What is being asked -
Retype the lines below exactly, from the one that contains "Elegoo Centauri Carbon" through the last, and leave every picture out.
[Record set]
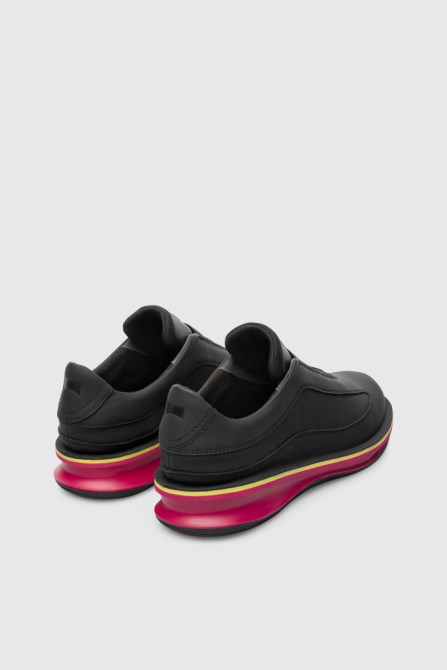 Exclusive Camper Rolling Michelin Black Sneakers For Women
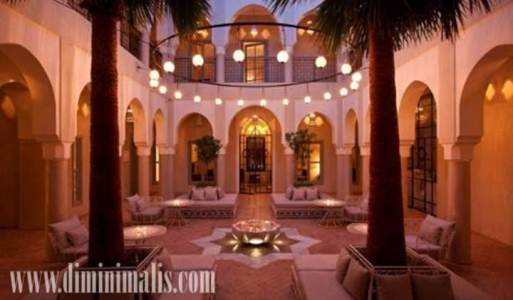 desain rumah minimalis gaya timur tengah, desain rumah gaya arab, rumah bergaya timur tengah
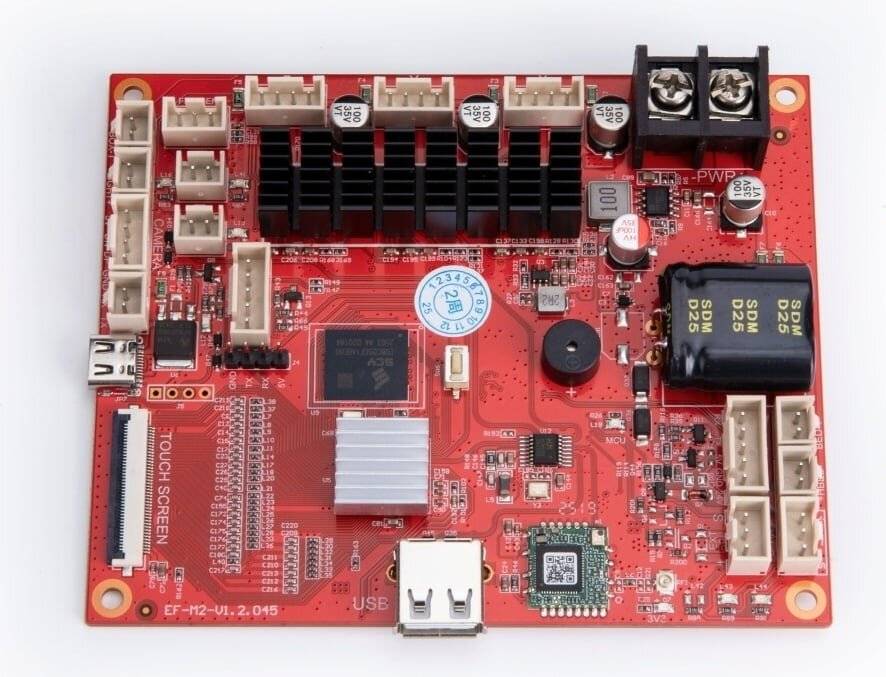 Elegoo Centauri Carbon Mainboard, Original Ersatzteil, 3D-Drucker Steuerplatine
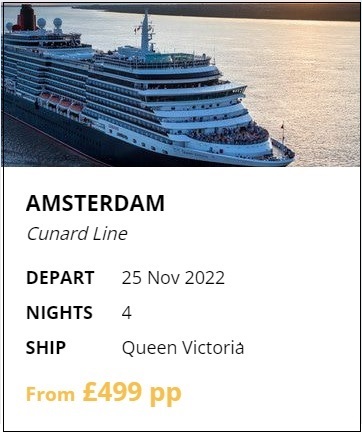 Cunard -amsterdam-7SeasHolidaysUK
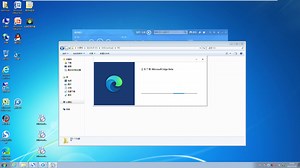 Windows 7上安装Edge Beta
[/Record set]
Reply to the task -
 Elegoo Centauri Carbon Mainboard, Original Ersatzteil, 3D-Drucker Steuerplatine
 Cunard -amsterdam-7SeasHolidaysUK
 Windows 7上安装Edge Beta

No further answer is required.